‘Shoes: An International Episode’ by Elizabeth Bowen

When it’s hard to escape abroad is difficult, there’s pleasure be had in reading about the discomforts of holidaymaking. This story, written in 1929, centres on Dillie and Edward Aherne. They’re an affluent pair, two years married, who are travelling in the South of France. When Dillie’s “good brogues” in which her feet looked “a shade powerful” go missing at the hotel, frustration ensues. She has to totter over cobblestones “to inspect local architecture and other misadventures follow. Her husband Edward, a man with a roving eye and a love of liqueurs is little use. 
 
The heat is a third protagonist.
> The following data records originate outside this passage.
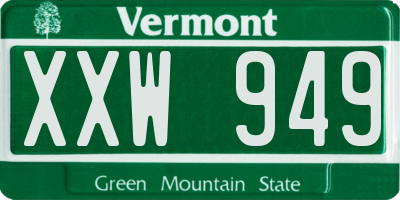 VT license plate XXW949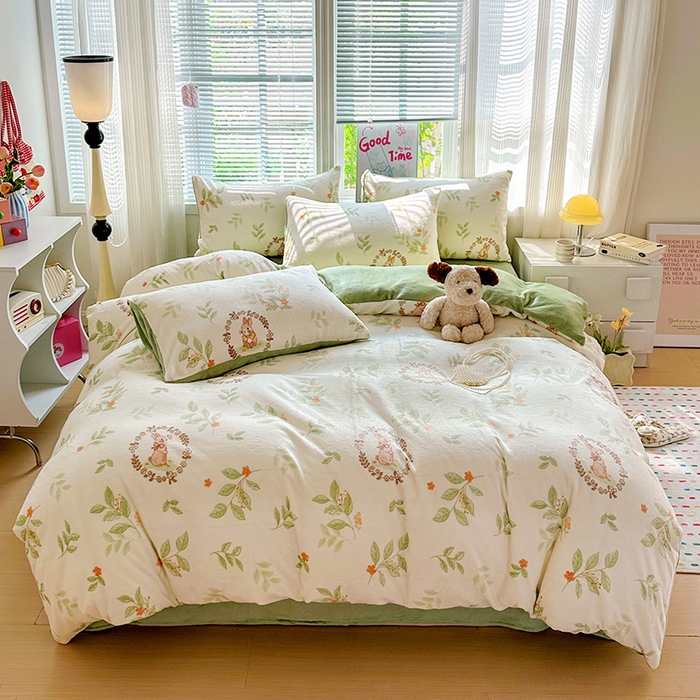 91家纺网 家纺一手货源 找家纺 西引力 2025新款亲肤舒适加厚牛奶绒印花四件套 可爱兔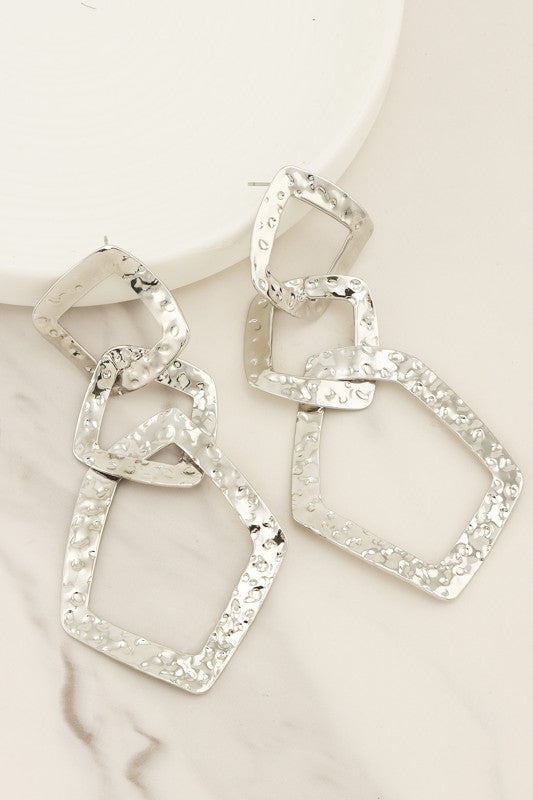 Hammered Geometric Link Statement Drop Earring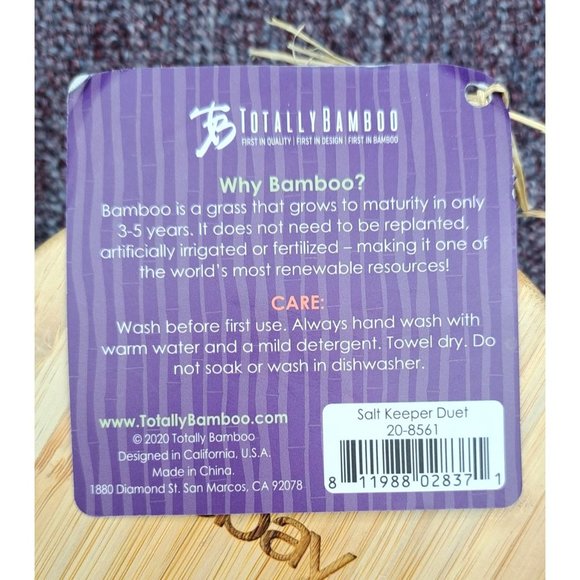 Totally Bamboo Salt Keeper Bowl Duet eBay Branded Etched Swivel Slide Top Promo - Picture 3 of 5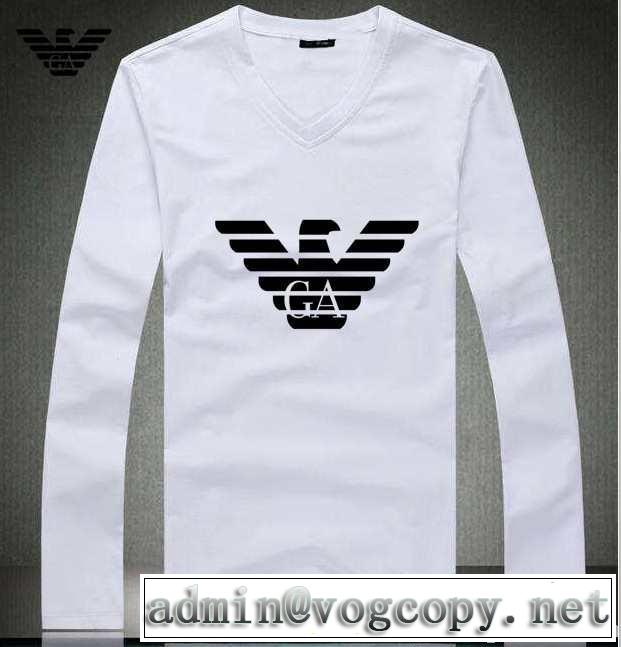 2014秋冬 armani アルマーニ 美品！vネック 長袖 tシャツ 3色可選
At one point Dillie comments, “The glare is so awful.” There is a correspondingly harsh exposure about Bowen’s writing. In just a dozen pages, we are shown the Ahernes’ insularity and ignorance, their deep unease with one another. The story wears the mask of comedy. After Dillie’s brogues are restored Edward asks, “Wasn’t it like a French farce – not the improper kind?” And the ending, in which “Mr and Mrs Aherne, free, frank on terms of perfect equality, clattered down the corridor, disturbing some dozen siestas,” adds to the drollery.
 
But, as so often with Bowen’s work, there’s a sense of disturbance. The sun may be bright, but it is the lack of warmth which underpins this story. I kept harking back to an earlier scene where the Ahernes enter the cathedral. “Lost to one another, they went silently into the pointed chilly darkness.”
 
Picked by Sibyl Ruth. Sibyl reads a lot of short stories and occasionally writes them. Her flash fiction ‘The Rose’ was published in Litro last autumn. You can read her individual Personal Anthology here.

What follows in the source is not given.